Just go with what you like best. If you like more rocks, put in more rocks. If you like a lot of grass, put in more grass. I'm sure it will be very nice, whatever you decide to do.


----------



## TianTian (Apr 14, 2009)

Thanks! I'll give y'all updates on this thread as time goes by and I prepare the epic paludarium.


----------



## dramaqueen (Jul 7, 2008)

We definitely want pics when you get it all set up. lol


----------



## Nataku (Feb 22, 2009)

I like the grassy plants. That one also seems to have some nice Java fern in there,which is always pretty. Another idea if you go with the southeast Asian theme is bamboo. A paludarium is actually a good situation where they could work nicely, as the could be planted in the water and grow out of it, and you can get bamboo in tons of different styles too, lot of people like to bend them around and shape them as they grow.


----------



## TianTian (Apr 14, 2009)

Ferns!!! That sounds like a great idea!  And the bamboo can be bought for extra-cheap near my house back home. 
I might do a half-fake/half-real as far as plants go. Maybe.


----------



## Sarkazmo (Apr 20, 2009)

If you're going to do this, do it right. Don't cheapen your efforts by mixing real and fake plants. Go real if you can.

If you go the bamboo route be aware that the fastest growing plant is a species of bamboo (at something close to 46" growth in 24 hrs.) But real bamboo can be incorporated into your display by splitting the bamboo you can make great water ways. Whole bamboo that's been hollowed out can make an outlet for a water fall or pieces of bamboo can be used to allow amphibious creatures another path out of the water.
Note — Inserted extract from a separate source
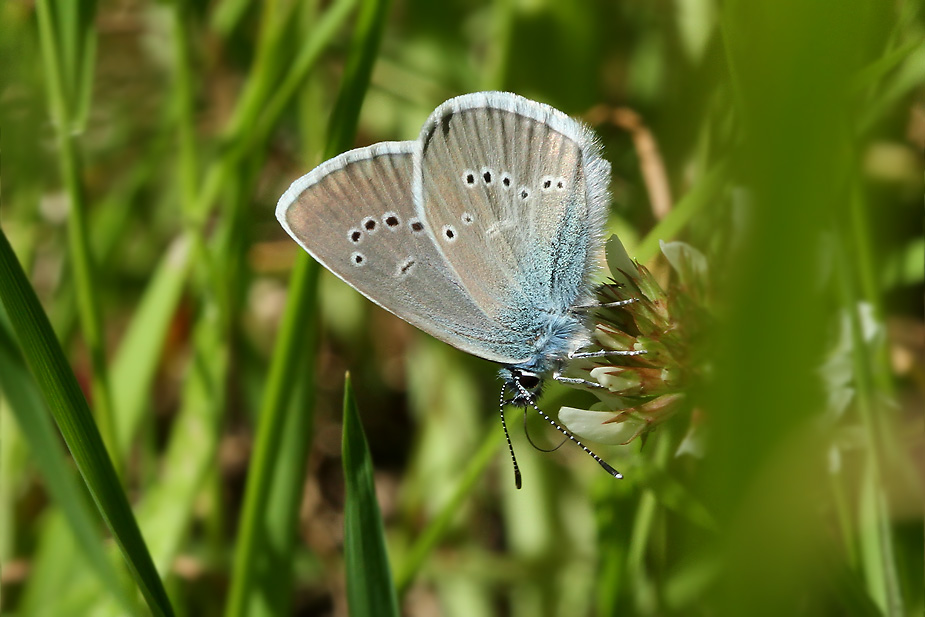 Cyaniris semiargus_5803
There are many varieties of fresh water shrimp that would get along peacefully with a betta. There's also some filter feeding shrimp and crayfish that're completely harmless. Be careful of the more agressive inverts that won't hesitate to snatch up a slow moving fishy. Clams, muscles, and snails would be good choices as well but the first two require more maintenance and a careful watch because a dead one can foul a tank in no time. Mangrove plants could be another option... Lillies could be beautiful. Lots of possibilities. I can't wait to see some of the initial work. Good luck!

Sark


----------



## TianTian (Apr 14, 2009)

Thank you, Sarkazmo!


----------